Do your children ever complain about Language Arts? Perhaps they sometimes struggle with why they have to do dictation, or they see no value in grammar? Is “Because I said so!” no longer a satisfactory answer?

Don't worry. It’s common--and laudable--for your children to question why they study a particular subject. While their questions can be frustrating (it may seem like they're just trying to escape the rigors of dictation!), I believe they're most likely expressing their desire--and maybe need--for a guiding purpose that will give their studies more meaning.

How then should you answer their questions? It’s probably obvious to your children why they need to learn to read, write, and speak with at least basic proficiency. So how can you inspire them to want to excel at Language Arts?

I was reading A. W. Tozer’s The Size of the Soul: Principles of Revival and Spiritual Growth when I came across a comment that I thought put the study of Language Arts in an eternal light. I wonder if your children might find these thoughts helpful the next time they appear to need a reason to excel at Language Arts:

For the very reason that God has committed His saving truth to the receptacle of human language, the man who preaches that truth should be more than ordinarily skillful in the use of language. It is necessary that every artist master his medium, every musician his instrument. For a man calling himself a concert pianist to appear before an audience with but a beginner’s acquaintance with the keyboard would be no more absurd than for a minister of the gospel to appear before his congregation without a thorough knowledge of the language in which he expects to preach. [pp. 41-42]

In other words, those of us who want to share God’s eternal truths should be more than ordinarily skillful in the use of the language in which we want to communicate.
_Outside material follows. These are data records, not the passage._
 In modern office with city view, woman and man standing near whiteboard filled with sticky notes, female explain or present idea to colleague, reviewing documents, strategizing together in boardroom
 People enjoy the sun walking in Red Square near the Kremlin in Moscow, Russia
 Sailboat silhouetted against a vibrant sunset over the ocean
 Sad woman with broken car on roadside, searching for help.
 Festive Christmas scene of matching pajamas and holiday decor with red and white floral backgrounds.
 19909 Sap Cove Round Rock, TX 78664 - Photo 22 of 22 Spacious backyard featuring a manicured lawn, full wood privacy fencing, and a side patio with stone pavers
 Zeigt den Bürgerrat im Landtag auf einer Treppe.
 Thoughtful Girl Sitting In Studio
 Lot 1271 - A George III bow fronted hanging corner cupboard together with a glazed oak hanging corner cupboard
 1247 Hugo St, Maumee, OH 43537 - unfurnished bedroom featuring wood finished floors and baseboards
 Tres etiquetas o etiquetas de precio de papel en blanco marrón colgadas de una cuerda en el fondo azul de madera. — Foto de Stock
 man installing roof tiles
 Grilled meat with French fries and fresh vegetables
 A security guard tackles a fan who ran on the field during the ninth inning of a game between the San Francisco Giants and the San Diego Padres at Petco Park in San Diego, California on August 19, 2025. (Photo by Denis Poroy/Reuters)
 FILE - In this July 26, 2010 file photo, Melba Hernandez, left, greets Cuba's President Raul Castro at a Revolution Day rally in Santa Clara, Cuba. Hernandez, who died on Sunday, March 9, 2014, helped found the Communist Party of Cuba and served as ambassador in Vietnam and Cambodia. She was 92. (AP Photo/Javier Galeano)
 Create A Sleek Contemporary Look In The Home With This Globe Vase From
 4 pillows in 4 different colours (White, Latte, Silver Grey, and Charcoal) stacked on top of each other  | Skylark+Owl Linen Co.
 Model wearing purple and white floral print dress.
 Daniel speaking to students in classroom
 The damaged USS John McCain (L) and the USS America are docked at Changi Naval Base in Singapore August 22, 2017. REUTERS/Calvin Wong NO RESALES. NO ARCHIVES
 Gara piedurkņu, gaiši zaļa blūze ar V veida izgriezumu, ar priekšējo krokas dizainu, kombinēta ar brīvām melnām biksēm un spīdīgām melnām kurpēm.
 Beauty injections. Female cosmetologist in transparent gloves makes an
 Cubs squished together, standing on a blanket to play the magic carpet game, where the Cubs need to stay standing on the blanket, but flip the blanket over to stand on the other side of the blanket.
Tozer’s thoughts on mastering the medium of language were echoed by John Piper in an article titled “A Compelling Reason for Rigorous Training of the Mind” (accessed at http://www.desiringGod.org/library/fresh_word... on August 4, 2005):

. . . [A] basic and compelling reason for education--the rigorous training of the mind--is so that a person can read the Bible with understanding. . . . This is an overwhelming argument for giving our children a disciplined and rigorous training in how to think an author’s thoughts after him from a text--especially a biblical text. An alphabet must be learned, as well as vocabulary, grammar, syntax, the rudiments of logic, and the way meaning is imparted through sustained connections of sentences and paragraphs.

Of the limitless gifts God has bestowed upon us, one of the most precious is undoubtedly our language. May we never underestimate its power to transmit the good news of God’s Word. Remember the reaction of the residents of Jerusalem when Ezra and Nehemiah revived the tradition of reading the Law aloud in the open square:

And all the people went their way to eat and drink, to send portions and rejoice greatly, because they understood the words that were declared to them. [Nehemiah 8:12]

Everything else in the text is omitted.